Today, I am 20 years old. I am also alone.
Also today, I drove 35 miles to the nearest "large" town from my small town college. I had my photo taken for my passport, got lost in the "big city" of twenty-thousand people, got un-lost without using my GPS, dealt with the crabby automotive employees at Walmart, and ordered some deliciously greasy Chinese take-out.
P.S.--I also did all of those things...alone.
If someone would have told me that I would be okay with having to do things on my own even 4 years ago, I probably would have cried. Even a couple of years ago I firmly believed I would have a permanent fixture next to me everywhere I went. And I can distinctly remember measuring my worth and status in the world by who was constantly by my side.
But here I am, sitting on my couch in my cool-cat apartment, listening to classical music on Pandora obnoxiously loud and spilling my words out into an article. Alone. And I am okay with that.
Life is rough, and it is so great to have people who can hold me up when I am at rock-bottom. But it's even more rewarding to be able to pick yourself up off the bathroom floor at 2 a.m. and realize you are strong enough completely on your own.

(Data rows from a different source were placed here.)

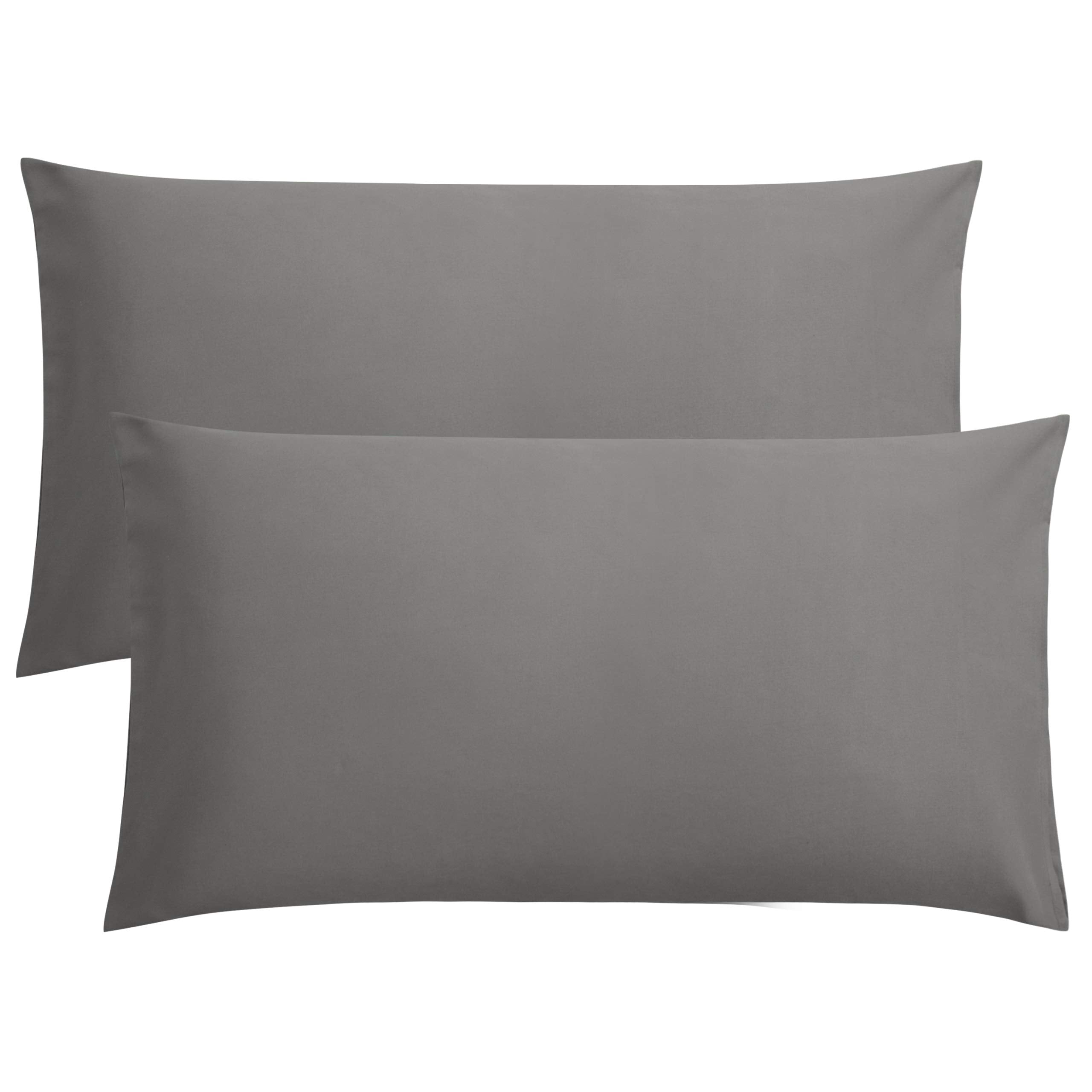 2 Pack 100% Brushed 1800 Microfiber Plain King Pillowcases, Wrinkle and Stain Resistant, Soft and Cozy Envelope Closure Bed Pillow Cases, Dark Grey, 50x90 cm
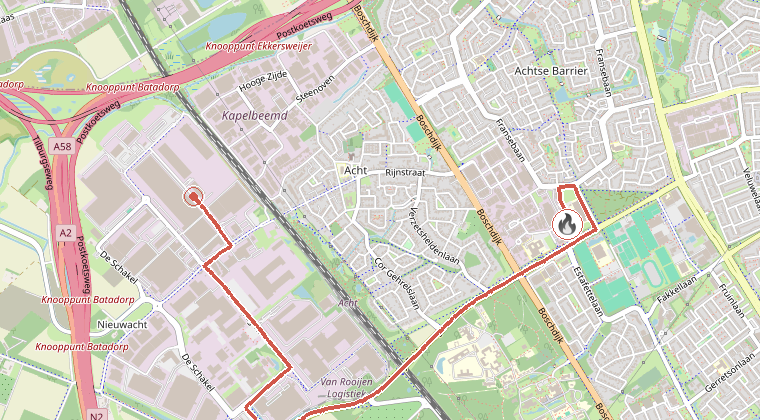 Kaart van de omgeving van de melding, met de kazerne die is gealarmeerd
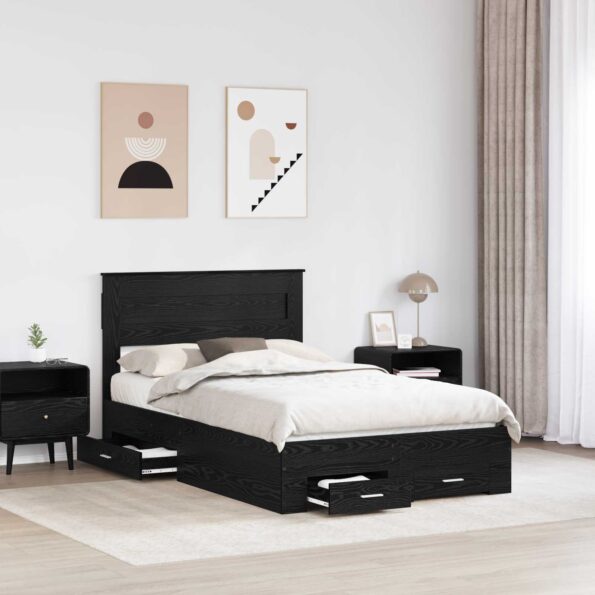 vidaXL Rám postele Čierny dub 135 x 190 cm Kompozitné drevo – Obrázok 3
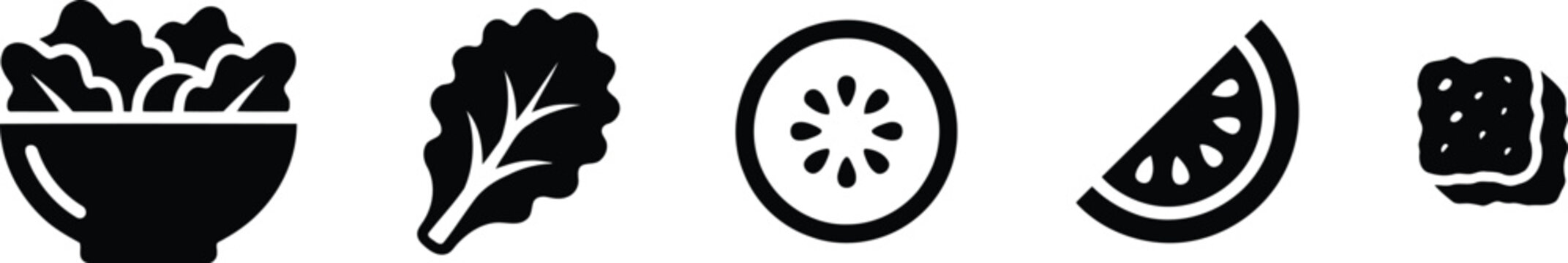Set of healthy food icons including salad bowl, lettuce leaf, cucumber slice, watermelon slice and cracker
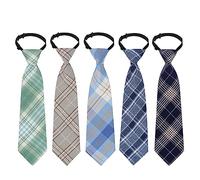 Sucrain 5pcs Boy's Necktie Pre-tied Adjustable Neck Strap Tie for Wedding Graduation School Uniforms, Green, 11"
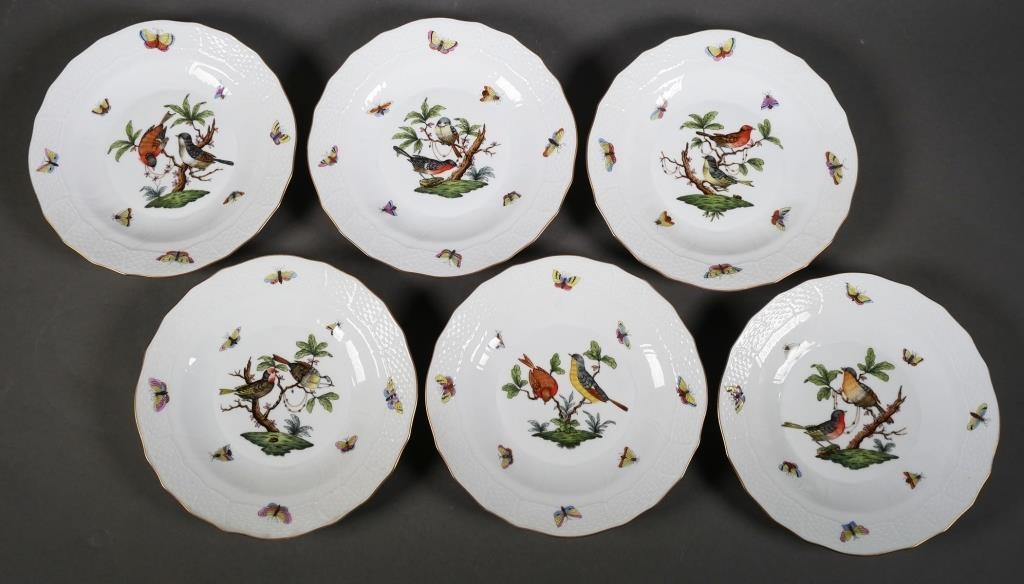 6 HEREND ROTHSCHILD BIRD PORCELAIN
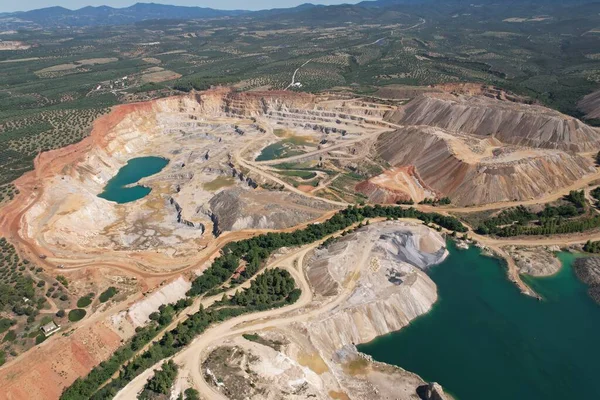 Panoramic Aerial View Industrial Terraces Open Pit Mineral Mine Quarry — Stock Photo, Image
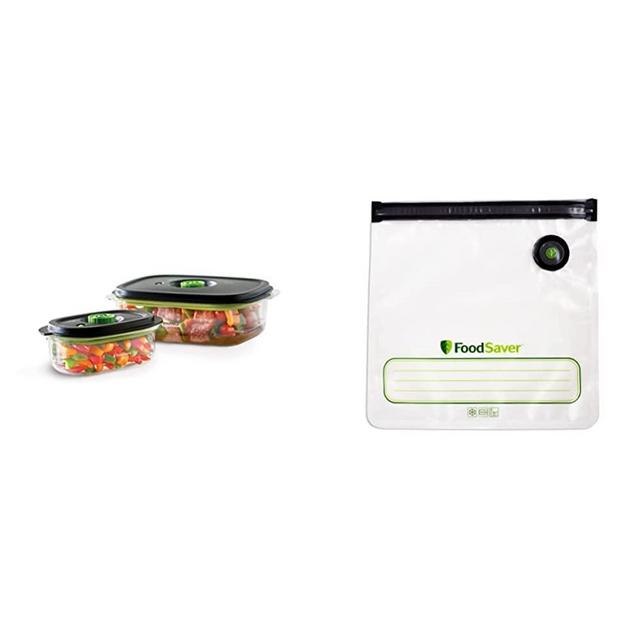 FoodSaver 2116382 Preserve & Marinate Vacuum -Containers,1- 3 cup and 1- 10 cup, Clear (Count-2) & ® Reusable Gallon Vacuum Zipper Bags, for Use with FoodSaver Handheld Vacuum Sealers, 8 Count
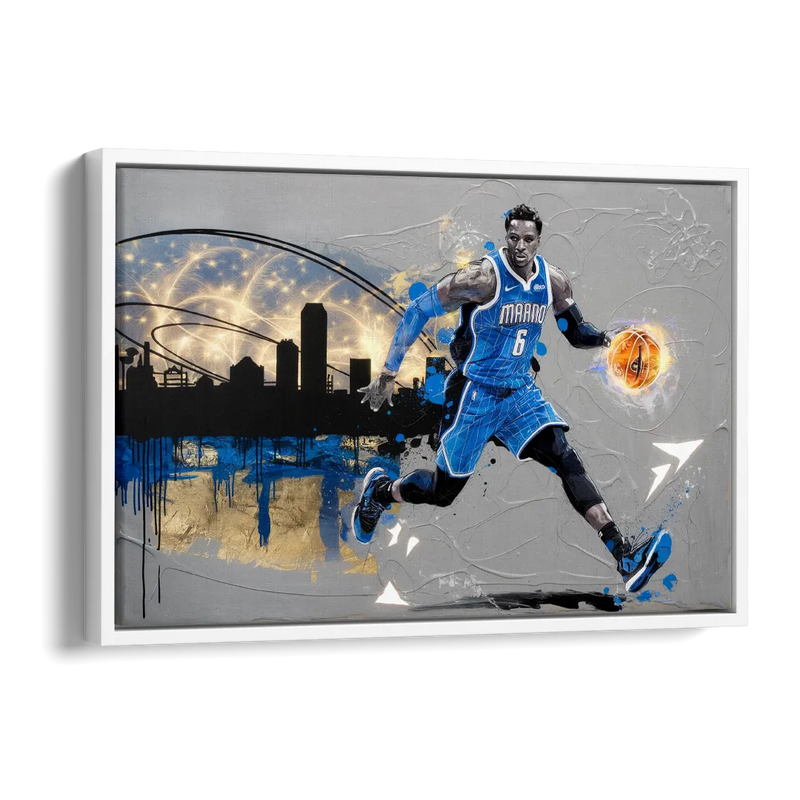Orlando Magic Basketball Theme Side - White Canvas Wall Art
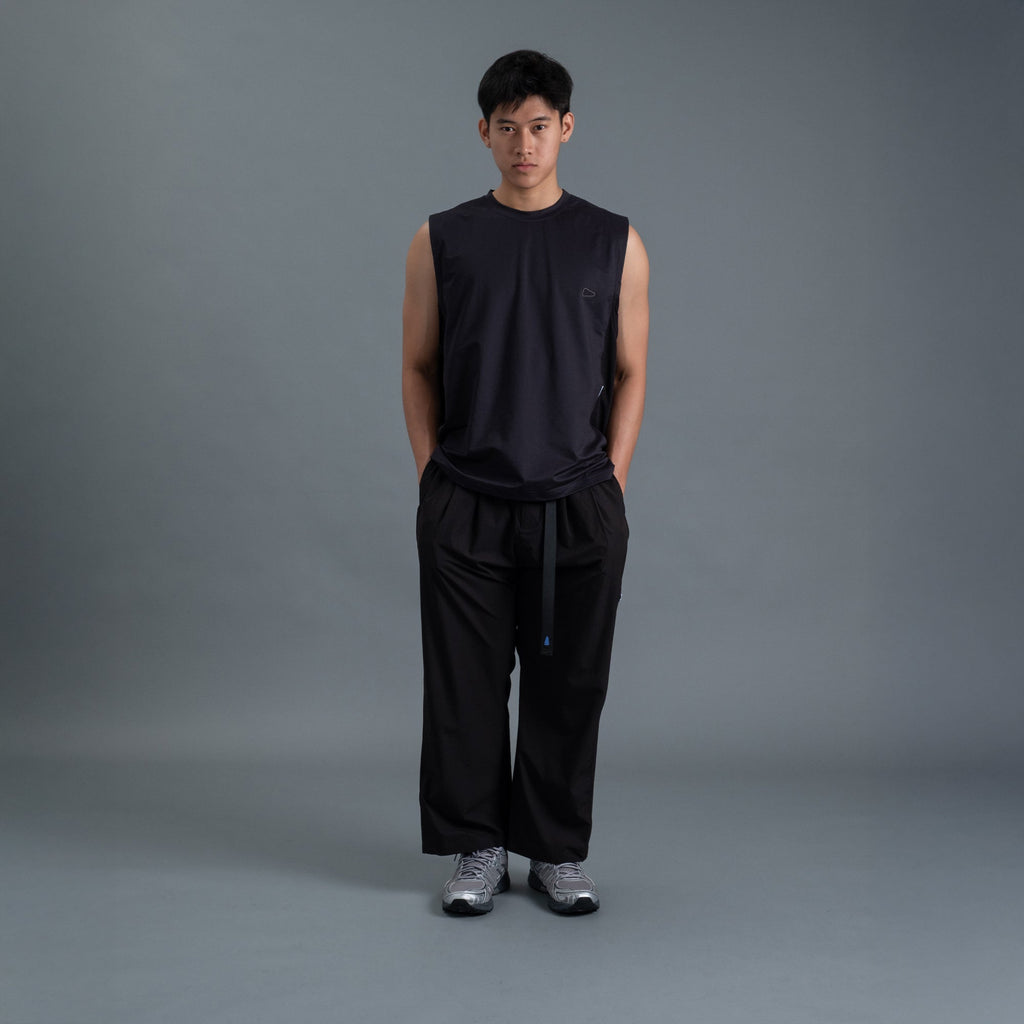 Sleeveless 2-Tone / Cotton - Black-1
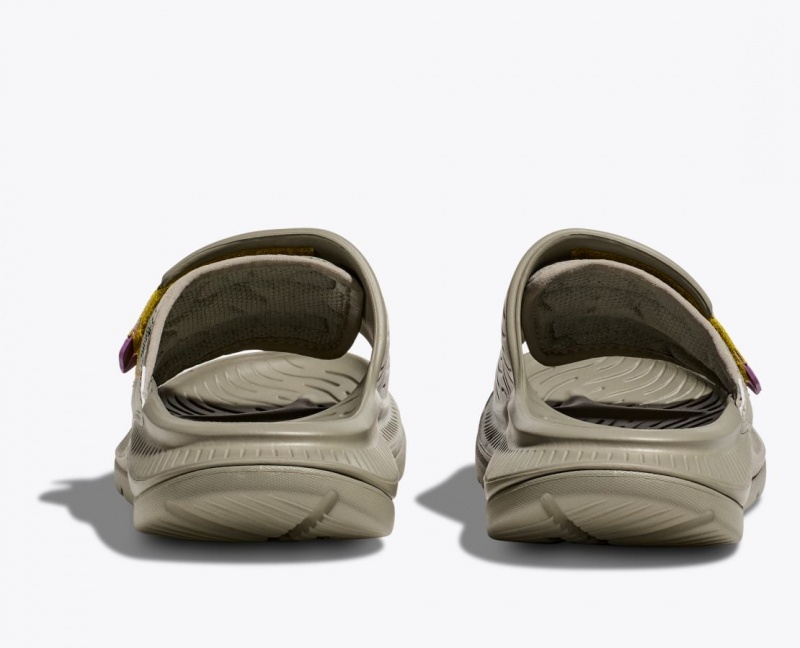 Men's HOKA Ora Luxe Slide Khaki / Yellow | UJOSW0375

Society likes to make us believe we can't really enjoy things or feel things without being surrounded by others. It likes to make us think all of our happiness can literally be inside one other person.
But, I promise you, this isn't true. I spent almost the entire day on my own. I made my own decisions. I smiled at whoever I wanted, and I laughed when I felt the urge. At this point in my life, when I am completely alone, I feel the happiest and most free.
Happiness and freedom aren't bottled up inside of other people. They are both everywhere, and free for the taking.
You don't have to do everything on your own, just try to do a few, uninterrupted things for yourself and by yourself. Grab a quick lunch at a cute diner. Read a book at a park. Take a walk. Go to a concert on your college campus. Visit the new art gallery. Run some errands. You can even just stay home and bake cookies or binge watch Grey's Anatomy.
Just simply allow yourself to be alone with yourself--and truly get to know that person. You might be surprised what you find. And who knows? You might even find happiness, joy, and freedom along the way.